How about every car being a battery powered car, as something that might happen and could drastically reduce air and noise pollution worldwide. You cant get people to keep to the left of a white line, imagine the fun with them hovering through 3D spaces....


----------



## truthseeker (13 Jun 2011)

Mpsox said:


> As will the printed book.


 
Nooooooo!!! Blasphemy!!!


----------



## Mpsox (14 Jun 2011)

TarfHead said:


> I disagree. Not only about books, but also about PCs with keyboards. They'll still be used for years to come.


 
Amazon are selling more electronic downloads then physical books in the US, book stores are closing all over the world (Waterstones as an example in Dublin). Cloud computing will mean there will be no need for massive storage space and disks on a PC. Already more and more people are using wireless technology and you can get wireless printers as well. 
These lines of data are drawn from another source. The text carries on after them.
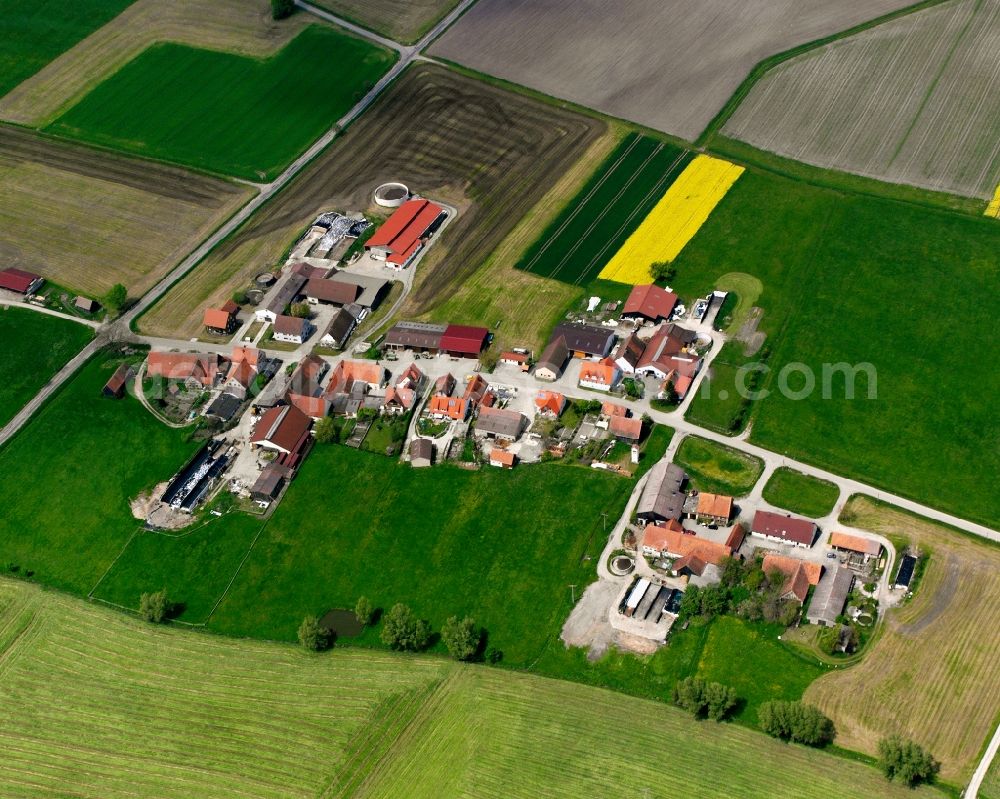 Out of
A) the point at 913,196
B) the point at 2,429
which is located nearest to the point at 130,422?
the point at 2,429

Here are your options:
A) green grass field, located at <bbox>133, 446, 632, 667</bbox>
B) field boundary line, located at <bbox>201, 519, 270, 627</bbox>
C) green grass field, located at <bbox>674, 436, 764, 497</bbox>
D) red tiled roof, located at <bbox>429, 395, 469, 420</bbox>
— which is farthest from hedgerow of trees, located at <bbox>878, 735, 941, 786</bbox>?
field boundary line, located at <bbox>201, 519, 270, 627</bbox>

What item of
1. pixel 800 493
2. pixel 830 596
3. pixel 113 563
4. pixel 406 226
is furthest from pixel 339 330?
pixel 830 596

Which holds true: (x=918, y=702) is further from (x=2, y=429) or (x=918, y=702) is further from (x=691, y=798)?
(x=2, y=429)

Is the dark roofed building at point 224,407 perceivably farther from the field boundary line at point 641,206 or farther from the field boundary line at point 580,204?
the field boundary line at point 641,206

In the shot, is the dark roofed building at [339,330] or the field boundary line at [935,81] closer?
the dark roofed building at [339,330]

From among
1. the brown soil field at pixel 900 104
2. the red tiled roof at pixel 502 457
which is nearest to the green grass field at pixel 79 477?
the red tiled roof at pixel 502 457

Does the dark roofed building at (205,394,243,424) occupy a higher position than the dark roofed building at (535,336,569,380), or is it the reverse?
the dark roofed building at (535,336,569,380)

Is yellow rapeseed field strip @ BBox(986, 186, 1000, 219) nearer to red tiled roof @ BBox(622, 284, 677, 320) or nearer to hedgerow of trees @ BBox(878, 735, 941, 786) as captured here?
red tiled roof @ BBox(622, 284, 677, 320)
I'm not saying I like it, just the way things are going. Books and laptops will become an "old" persons thing, just like CDs instead of downloads


----------



## horusd (14 Jun 2011)

truthseeker said:


> Nooooooo!!! Blasphemy!!!


 

I agree. I love the smell of books and I tend to write across mine. Sentences that I like, ideas that are deep, interesting, odd or  funny. I'll live with the  old fogey epithet.


----------



## Shawady (14 Jun 2011)

csirl said:


> They said this about Bebo 5 years ago. My sense is that FB will go the way of Bebo when the current generation of teens move on to something else.


 
Some evidence of that here.

http://www.independent.ie/business/...tigue-6-million-us-users-log-out-2674120.html


----------